Revisas la lista de teléfonos de Ciudad de México a la búsqueda de los San Vicentes posibles. Una experiencia divertida el tener que explicar a los hijos de un empresario de pompas fúnebres que andas rastreando las huellas de medio siglo de un anarquista español. No has de encontrar nada, pero la experiencia se integra en la novela.

Vuelves a los archivos de la policía política norteamericana y de la policía mexicana, pero ya no a la búsqueda de información, sino a la captura del estilo narrador de los chicos de la ley y el orden. Descubrimientos apasionantes en el lenguaje burocrático; es una delicia la explicación que dan los gendarmes de cómo «fue que fueron» a detener a San Vicente y los obreros los detuvieron a ellos y los desarmaron.

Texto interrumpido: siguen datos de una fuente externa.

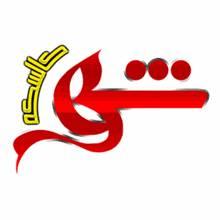 شهر کالسکه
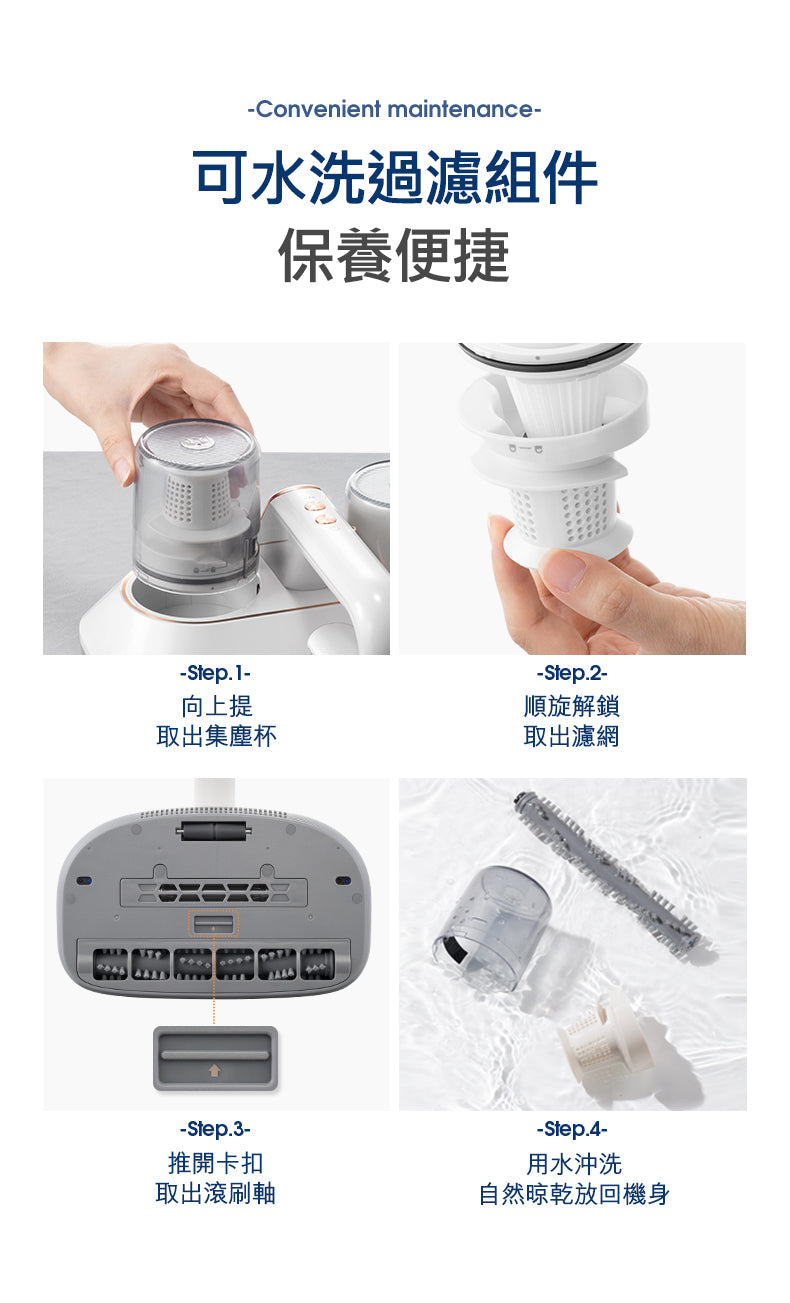Senki 千崎 SK-VC100 無線除蟎器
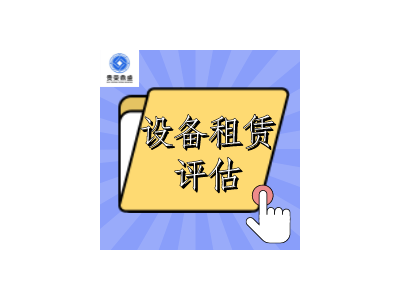 淮安市设备租赁评估租赁机器评估设备评估更新图2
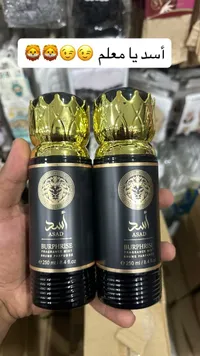 عطر أسد بورفرايز (Asad)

Ángulos, planos, canciones, palmeras en Tampico, marcas de medicinas contra la gonorrea, tranvías de mulas en Ciudad de México.

Ejercicios de imaginación: ¿cómo era la postal que San Vicente envía desde La Coruña? ¿Cómo el sombrero que usaba en Atlixco, Puebla, los días de sol? ¿Cómo eran los días de lluvia tropical vistos por un vasco que adoraba el chipi chipi de la lluvia calabobos del Cantábrico? ¿Qué medicina usaban sus amigas putas contra la sífilis? ¿Quién era el médico que las atendía?

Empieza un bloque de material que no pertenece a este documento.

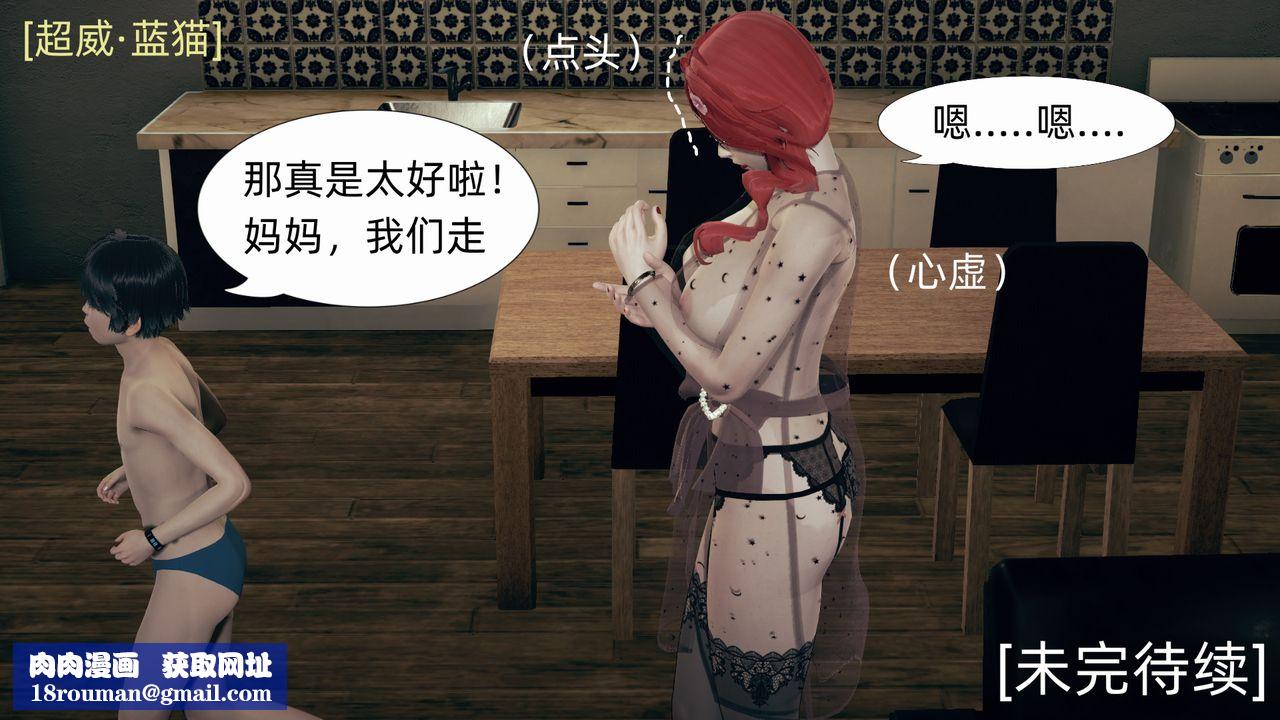 [3D]旗袍媽媽生二胎第02話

Ejercicios de invención. Narrar es reinventar, recrear, poner en pie las cosas que ya no existen. ¿A quién carajo le importa la realidad? Lo que interesa es la sensación de realidad.

La novela se llamó
De paso
y se publicó en 1987. Terminaba o debería haber terminado, o creo que en algún momento la debiste terminar colocando al final la frase del ensayo que te parecía el epitafio justo del personaje:

«Sebastián San Vicente no tiene una calle que ostente su nombre, y no aparece en los libros de texto».

III

La vida como novela de la historia: en el 96 llegué a San Sebastián para dar una conferencia convocado por Pedro, que es el único lector que conozco que no sólo se ha leído todos mis libros, sino que además me corrige las inexactitudes.

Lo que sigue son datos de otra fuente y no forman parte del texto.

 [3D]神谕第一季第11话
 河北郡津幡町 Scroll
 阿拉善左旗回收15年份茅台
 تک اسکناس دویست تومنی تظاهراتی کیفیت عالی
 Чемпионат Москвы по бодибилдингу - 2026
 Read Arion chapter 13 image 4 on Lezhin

Llovía en San Sebastián y yo tenía frío, pero el público puso el calor en la conferencia y yo volví a ser una persona y no un conferenciante.

Al final de la charla, Pedro me presentó a una muchacha, Socorro, Soko, en medio vasco, que dirigía el Museo de la Marina. Estábamos en un parque, rumbo a uno de los muchos pequeños bares donde se bebe vino y se tapea, en esa ronda interminable y bastante infernal tan a gusto de los vascos. La muchacha me tendió una foto.